Didampingi LBHAP Muhammadiyah, Korban PIK 2 Charlie Chandra Sujud Minta Pertolongan Prabowo

JAKARTA – Seorang warga bernama Charlie Chandra memohon pertolongan terhadap Presiden Prabowo Subianto . Ia bersujud di konferensi pers di dalam Auditorium KH Ahmad Dahlan Gedung Dakwah Muhammadiyah, Menteng, DKI Jakarta Pusat, Hari Jumat (7/2/2025), sebab persoalan hukum yang dimaksud menjeratnya dilanjutkan.
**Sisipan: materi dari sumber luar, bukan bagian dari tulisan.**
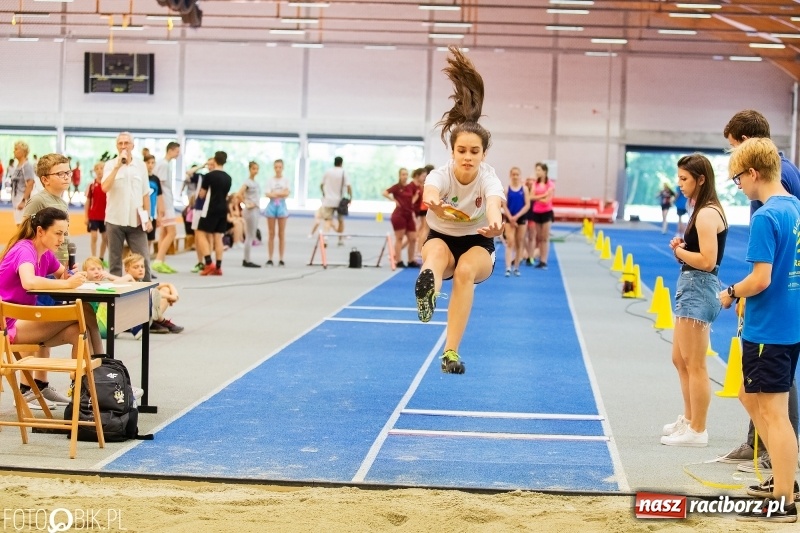 Zdjęcie w galerii na portalu naszraciborz.pl: Mały Memoriał Lekkoatletyczny im. Janusza Kusocińskiego w ZSOMS wiadomości z regionu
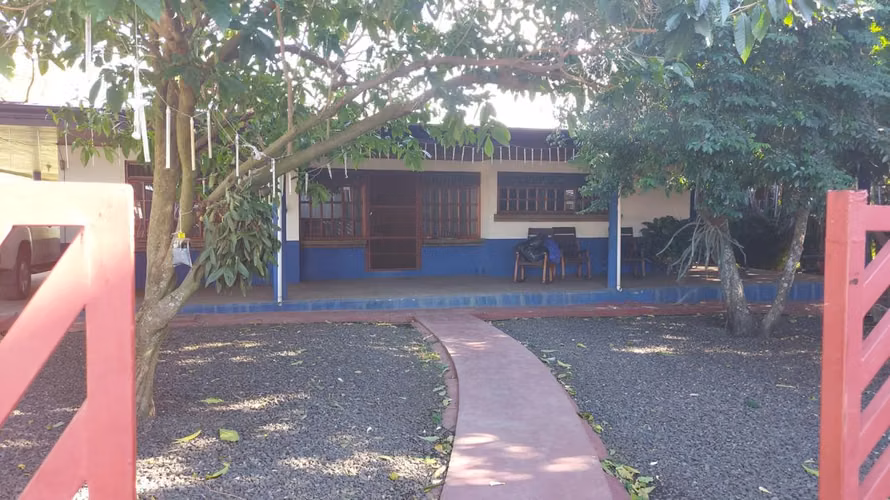 Venta de 3 casas + caballerizas + picadero + bodegas + 2 pozos - Imagen 3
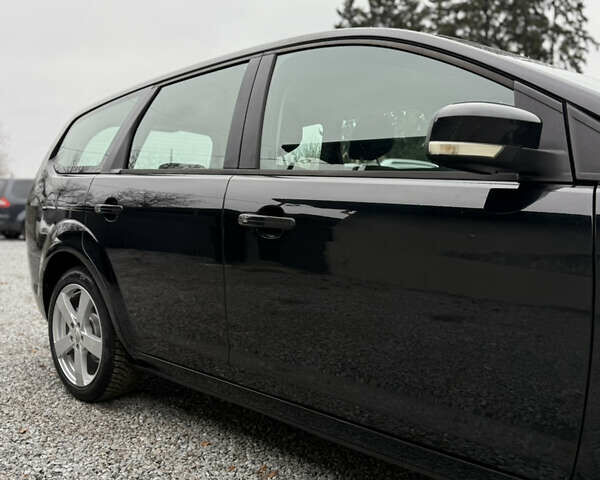 Черный Форд Фокус, объемом двигателя 1.6 л и пробегом 195 тыс. км за 5700 $, фото 24 на Automoto.ua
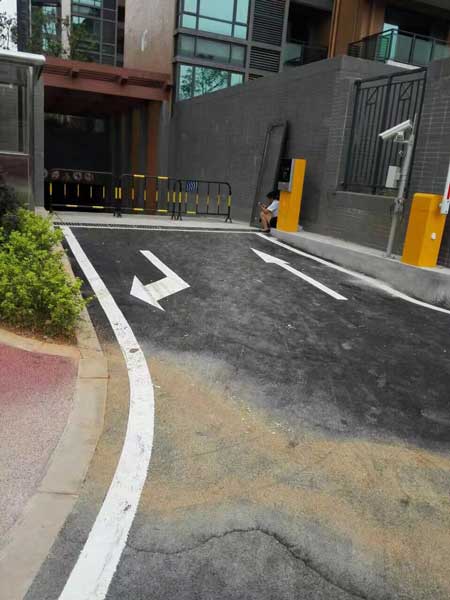 長(zhǎng)沙海倫春天停車(chē)場(chǎng)系統(tǒng)案例 - 中出網(wǎng)-智能出入口與停車(chē)充電門(mén)戶(hù)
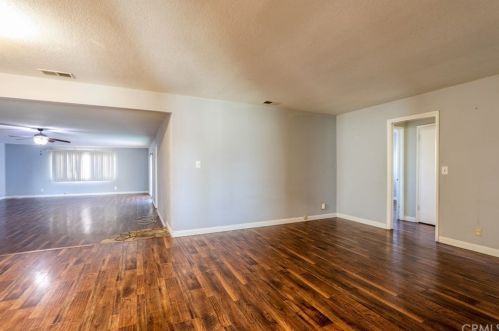 320 Ash St, Anaheim CA  92805-4315 exterior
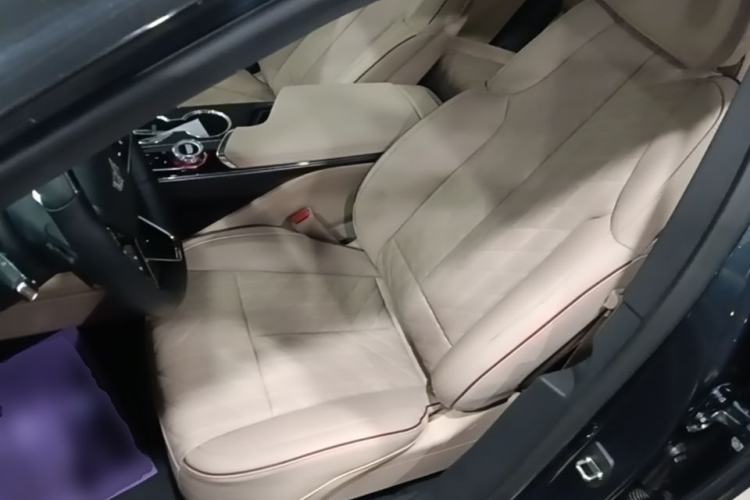 Used Cadillac LYRIQ 2022 Rear-Drive Long-Range Prestige Edition Left Front Seat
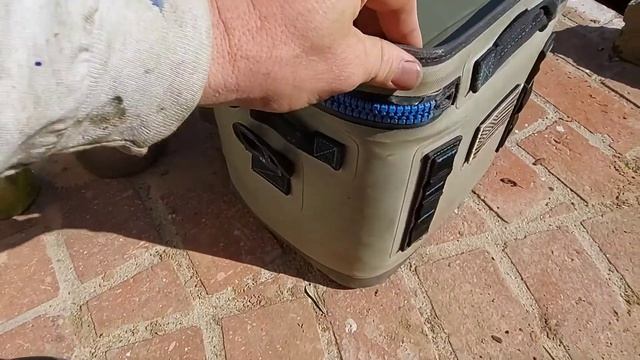 YETI HOPPER FLIP 12... 1 Year, 9 Months of Use смотреть онлайн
Charlie Chandra sebelumnya dikriminalisasi dan juga ditetapkan sebagai terdakwa perkara pemalsuan surat tanah setelahnya mempertahankan tanah milik keluarganya seluas 8,7 hektare yang digunakan pada masa kini sudah ada dibangun permukiman elite Pantai Indah Kapuk (PIK) 2. Polda Banten kemudian menerbitkan Surat Perintah Penghentian Penyidikan (SP3). Namun penerbitan SP3 itu kemudian dibatalkan oleh majelis hakim praperadilan Pengadilan Negeri (PN) Serang, Banten, sehingga kasusnya dilanjutkan/.

“Saya minta tolong terhadap Presiden Prabowo untuk melindungi dan juga mengatasi hak rakyat. Hari ini saya bersujud terhadap Anda sebagai Presiden Republik Indonesia untuk menghentikan kezaliman ini serta melindungi rakyat Banten,” kata Charlie dilanjutkan bersujud dalam hadapan awak media di area Auditorium KH Ahmad Dahlan Gedung Dakwah Muhammadiyah, Menteng, Ibukota Pusat, Hari Jumat (7/2/2025).

Didampingi LBHAP Muhammadiyah, Korban PIK 2 Charlie Chandra Sujud Minta Pertolongan Prabowo

Charlie juga memohon Kapolri Jenderal Pol Listyo Sigit Prabowo juga Kapolda Banten Irjen Pol Suyudi Ario Seto agar berpihak untuk rakyat lalu bukan terjadi insiden kriminalisasi.

“Saya harap Bapak Kapolri dan juga Kapolda Banten yang digunakan terhormat berpihak pada rakyat, jangan biarkan kami dikriminalisasi terus capek,” ucapnya.

Sementara itu, Ketua Investigasi & Advokasi Publik LBHAP PP Muhammadiyah, Gufroni menjelaskan, Charlie Chandra pernah ditahan selama tiga bulan. Kasusnya dihentikan seiring keluarnya SP3 oleh Polda Banten.

“Namun beberapa hari lalu beliau menyampaikan persoalan hukum ke publik, ternyata dari pihak pengembang, PT Mandiri Bangun Makmur, tiada terima dikarenakan Pak Charlie Chandra mengungkap persoalan yang mana dialami ke publik,” ungkap Gufroni.

Charlie kembali menjadi terperiksa pasca PN Serang mengabulkan praperadilan. Karena itu, Charlie meminta-minta bantuan hukum untuk LBHAP PP Muhammadiyah melawan proses hukum yang dimaksud dialaminya sekarang.